● **What the task requires**
When you copy the material below, keep every line exact and omit the pictures.

● **Data section**
****************************************

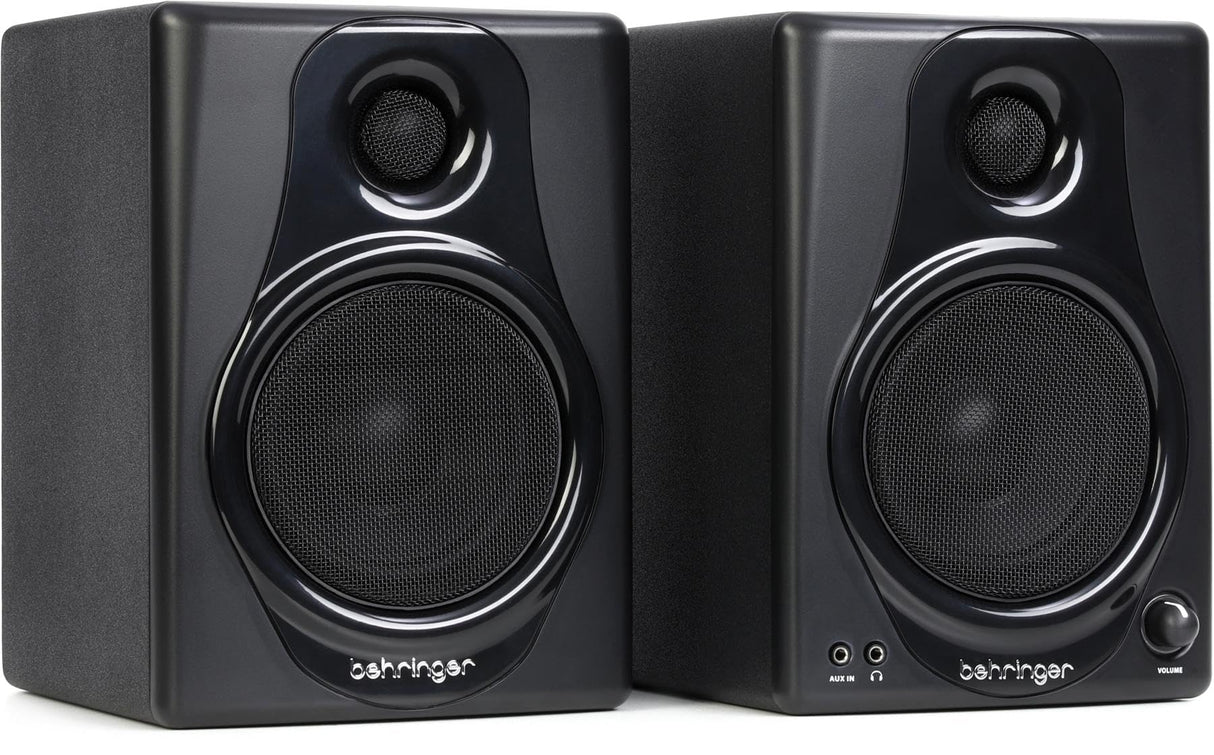 Behringer MEDIA 40USB Altavoces de monitor digital biamplificados de alta resolución de 150 vatios con entrada USB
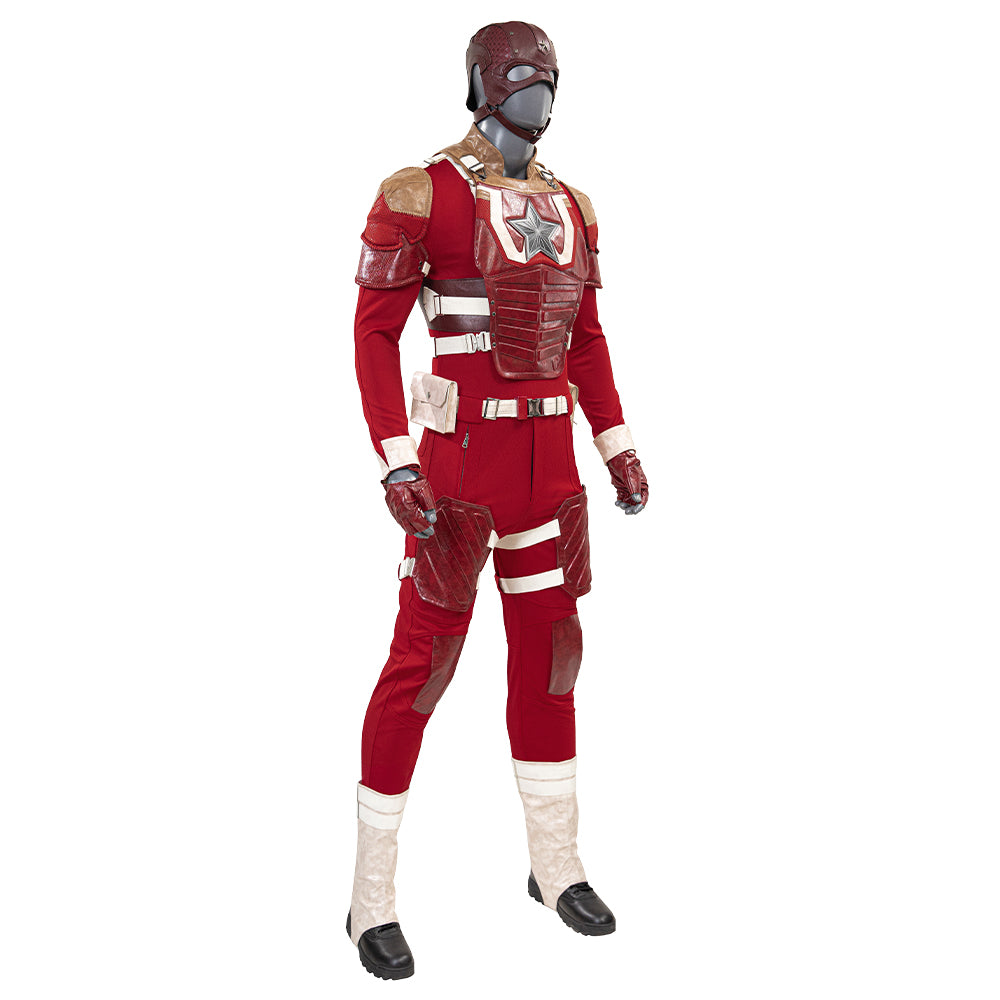 Thunderbolts Red Guardian Cosplay Costume Adults Halloween Outfit - Image 4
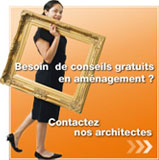 Besoin de conseils gratuits en aménagement ? Contactez nos architectes.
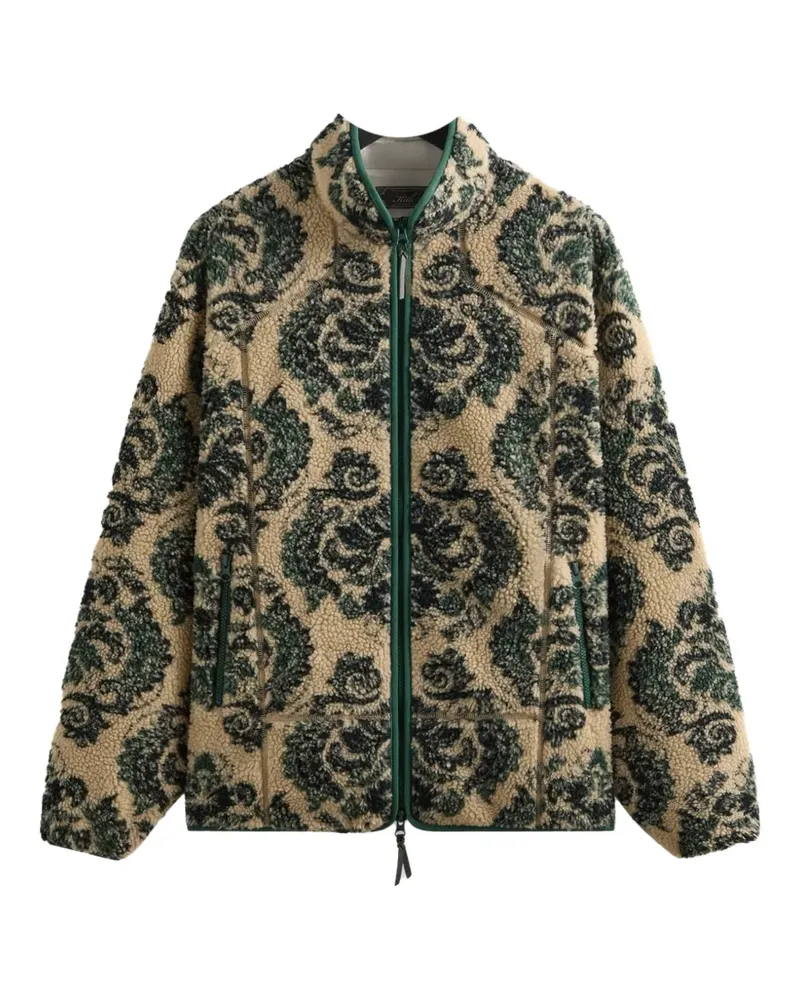KITH Damask Floral Sherpa jacket - Nude Nude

****************************************

● **Output below**
 Behringer MEDIA 40USB Altavoces de monitor digital biamplificados de alta resolución de 150 vatios con entrada USB
 Thunderbolts Red Guardian Cosplay Costume Adults Halloween Outfit - Image 4
 Besoin de conseils gratuits en aménagement ? Contactez nos architectes.
KITH Damask Floral Sherpa jacket - Nude Nude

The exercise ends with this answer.